CHAPTER TWENTY-TWO

MILES

ALL HAIL KING MORPHINE, OR whatever the injection was. After the doctor pokes the inside of Miles’s right arm, the pain in his ankle recedes. Leg grows longer and longer—carries his ankle away with it. Ten, twenty, fifty feet long—one amazing leg that stretches off the bed, down the hall, and through the door outside, where it disappears into the falling snow.

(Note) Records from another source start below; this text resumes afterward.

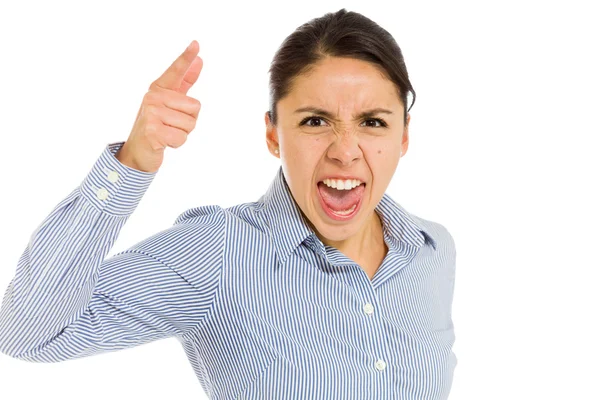 Model angry scolding and pointing — Stock Photo, Image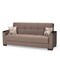 Homeroots 87" Brown Chenille Convertible Futon Sleeper Sofa And Toss Pillows With Storage 607102 - alternate 2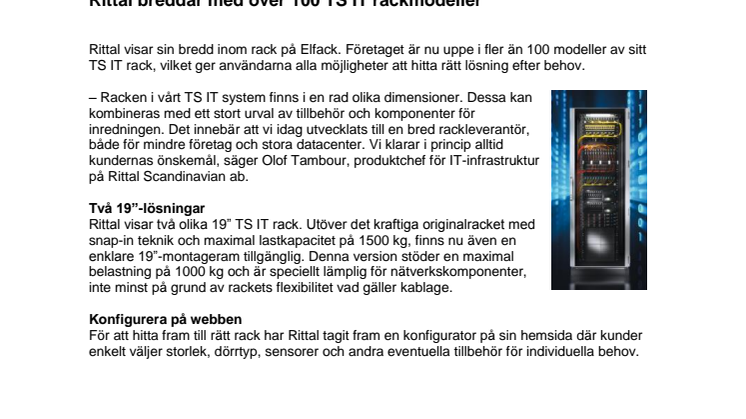 Rittal breddar med över 100 TS IT rackmodeller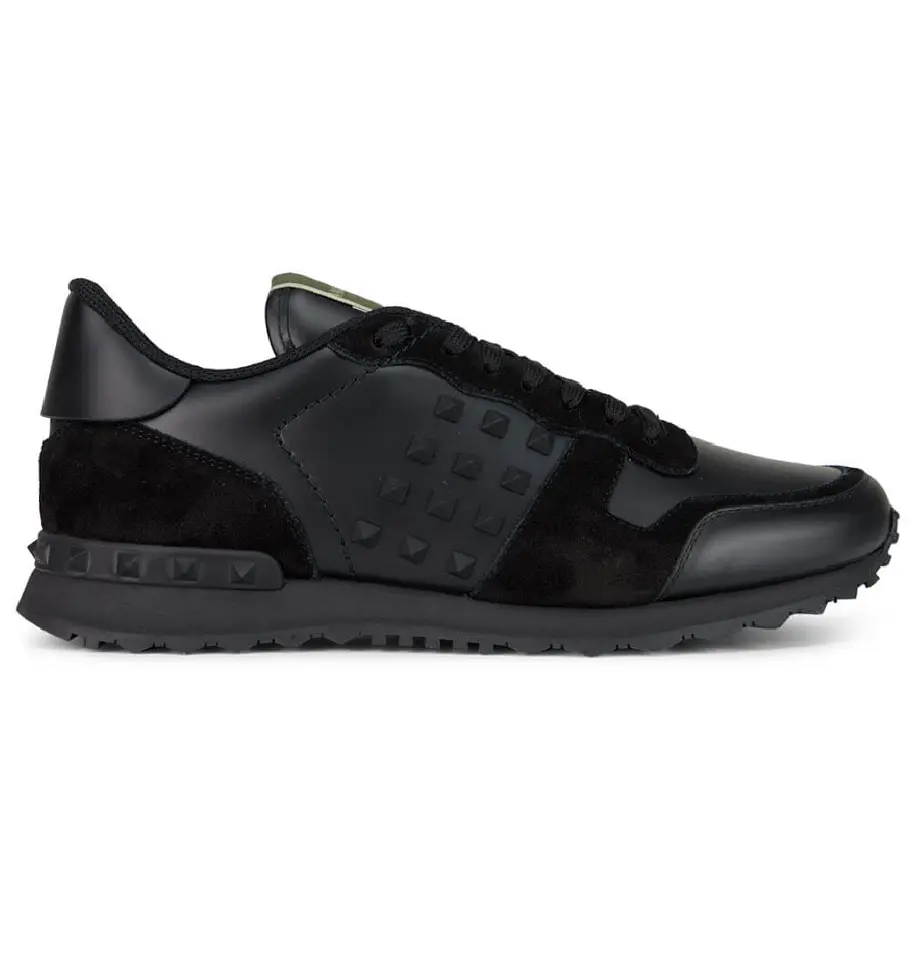 Giày Valentino Black Leather Rockstud WY2S0748VRJN01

He’s suddenly warm all over. Warm from the inside out. Floaty. He hears snatches of songs, trippy psychedelic bands from the 1960s … great time to have been alive … annoyed that he missed it. But he’d be like, a hundred years old right now. No, not one hundred. More like … He can’t do the math. Concentrates, but he can’t make the numbers stay still. Can’t make them stay in columns that he can add and subtract. The numbers float around like lazy black flies—he grabs at them.

“Try to stay still,” a woman’s voice says; her hands press his arms back down to the blankets.

“Headache,” he mumbles.

“I would think,” she says. “You cracked your helmet. You need to buy a better one next time.”

“Where am I?” Miles asks.

“The hospital. You had a snowmobile crash.”

He squints from side to side. Something about the room—maybe it’s the smell—reminds him of Mr. Kurz’s little room at Buena Vista Convalescent Home. The nurse leans over him and shines a penlight in his eyes. “Can you follow the little light for me one more time?”

“Sure,” Miles says, as if it’s no big deal; but it takes all his energy to keep up with the slowly moving light. So easy to lose interest. Think of other things. He tries to focus and jerks his eyeballs back to the light.

“Concussed for sure,” the nurse murmurs to someone else.

“Let’s get some more X-rays,” a man’s voice says.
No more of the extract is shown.